Benchmarks performed here does not reflect performance of your usage of grid2op. In particular, there is no “agent”, the time to “reset” the environment is not taken into account etc.

The objective is to assess the performance of lightsim2grid (compared to pandapower and pypowsybl) when used as a grid2op backend. Hence all timings exclude part of the code not related with this goal.

TL;DR

The default pandapower backend is the slowest one.

Pypowsybl is, for this benchmark, always 3-4 times faster than pandapower (ie it allows to perform 3 times more grid2op iteration in the same amount of time).

Lightsim2grid is ~20 times faster than pandapower (it allows to perform 20 times more interation for the same amount of time).

When diving into lightsim2grid, the faster resolution method is “Newton-Raphson” (with or without distributed slack), closely followed by the “Fast Decoupled Powerflow” method.

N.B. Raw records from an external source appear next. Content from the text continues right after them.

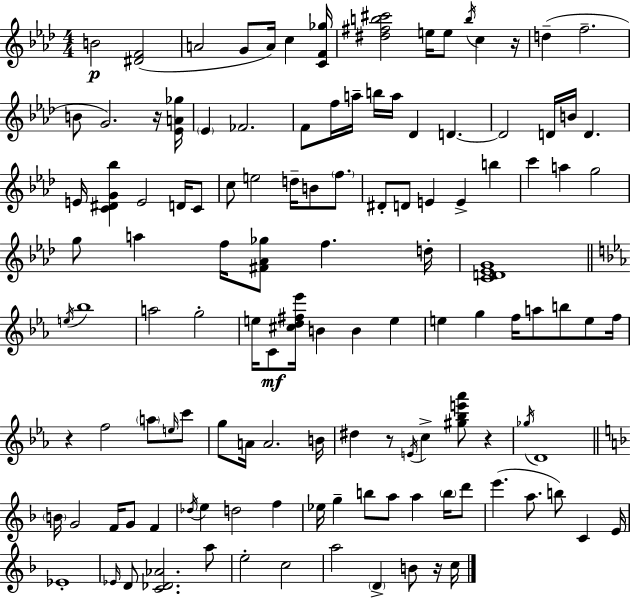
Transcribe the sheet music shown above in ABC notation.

X:1
T:Untitled
M:4/4
L:1/4
K:Fm
B2 [^DF]2 A2 G/2 A/4 c [CF_g]/4 [^d^fb^c']2 e/4 e/2 b/4 c z/4 d f2 B/2 G2 z/4 [_EA_g]/4 _E _F2 F/2 f/4 a/4 b/4 a/4 _D D D2 D/4 B/4 D E/4 [C^DG_b] E2 D/4 C/2 c/2 e2 d/4 B/2 f/2 ^D/2 D/2 E E b c' a g2 g/2 a f/4 [^F_A_g]/2 f d/4 [CD_EG]4 e/4 _b4 a2 g2 e/4 C/2 [^cd^f_e']/4 B B e e g f/4 a/2 b/2 e/2 f/4 z f2 a/2 e/4 c'/2 g/2 A/4 A2 B/4 ^d z/2 E/4 c [^g_be'_a']/2 z _g/4 D4 B/4 G2 F/4 G/2 F _d/4 e d2 f _e/4 g b/2 a/2 a b/4 d'/2 e' a/2 b/2 C E/4 _E4 _E/4 D/2 [C_D_A]2 a/2 e2 c2 a2 D B/2 z/4 c/4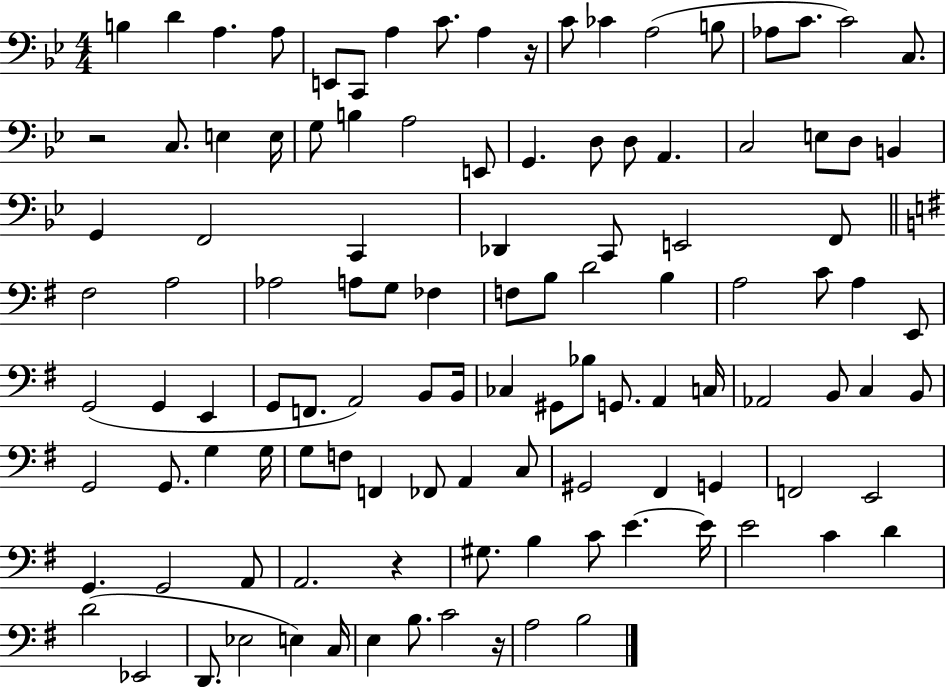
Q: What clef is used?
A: bass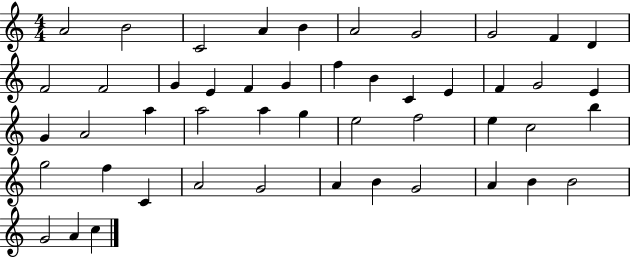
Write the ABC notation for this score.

X:1
T:Untitled
M:4/4
L:1/4
K:C
A2 B2 C2 A B A2 G2 G2 F D F2 F2 G E F G f B C E F G2 E G A2 a a2 a g e2 f2 e c2 b g2 f C A2 G2 A B G2 A B B2 G2 A c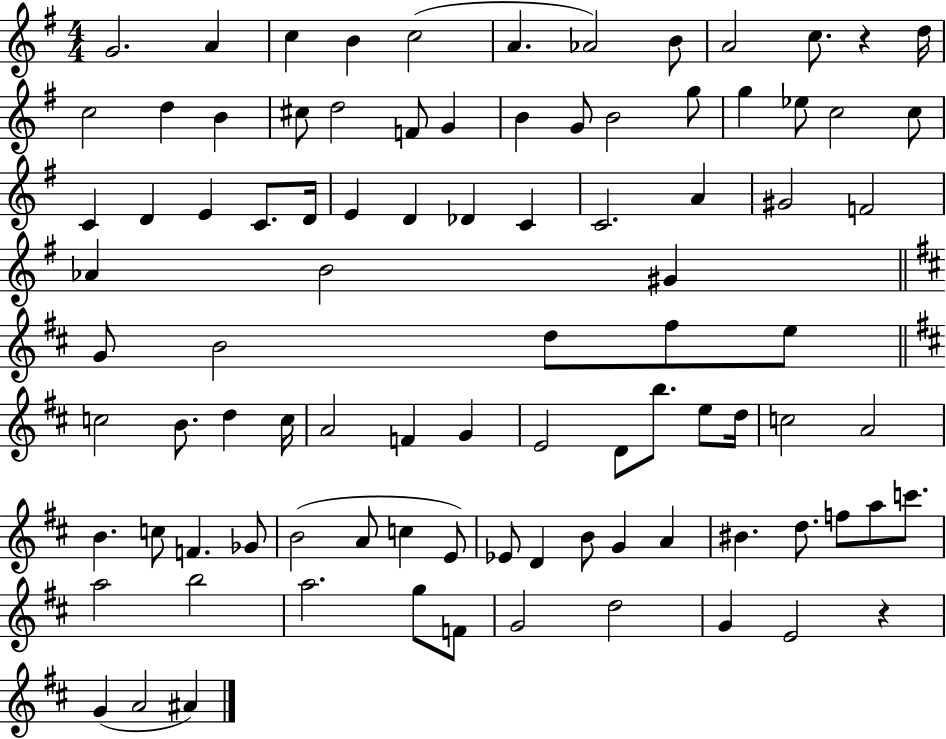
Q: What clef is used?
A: treble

Concerning the linear solver used for the lightsim2grid backends, it has little to no impact if you use KLU, NICSLU or CKTSO. To avoid license issues, we then recommend to use the KLU linear solver (if you compiled lightsim2grid from source, we strongly recommend you to perform its installation too).

The default linear solver in Eigen (called here Sparse LU) is much slower than KLU and you should avoid to use it if possible (it’s probably better to take some more time to build lightsim2grid with KLU). But if you don’t have the choice, SparseLU still give better performance than pypowsybl or pandapower.

We do not recommend to use Gauss Seidel method (much slower than everything else).

Note

More time have been spent to optimize Newton-Raphson algorithm in lightsim2grid than to optimize Gauss Seidel or Fast Decoupled method. The results here should not be extrapolate outside of lightsim2grid usage.

At time of writing only a prelimary version of the backend based on pypowsybl was avaialble, speed improvement might be achieved for the official release.

Using a grid2op environment

In this section we perform some benchmark of a do nothing agent to test the raw performance of lightsim2grid compared with pandapower and pypowsybl when using grid2op.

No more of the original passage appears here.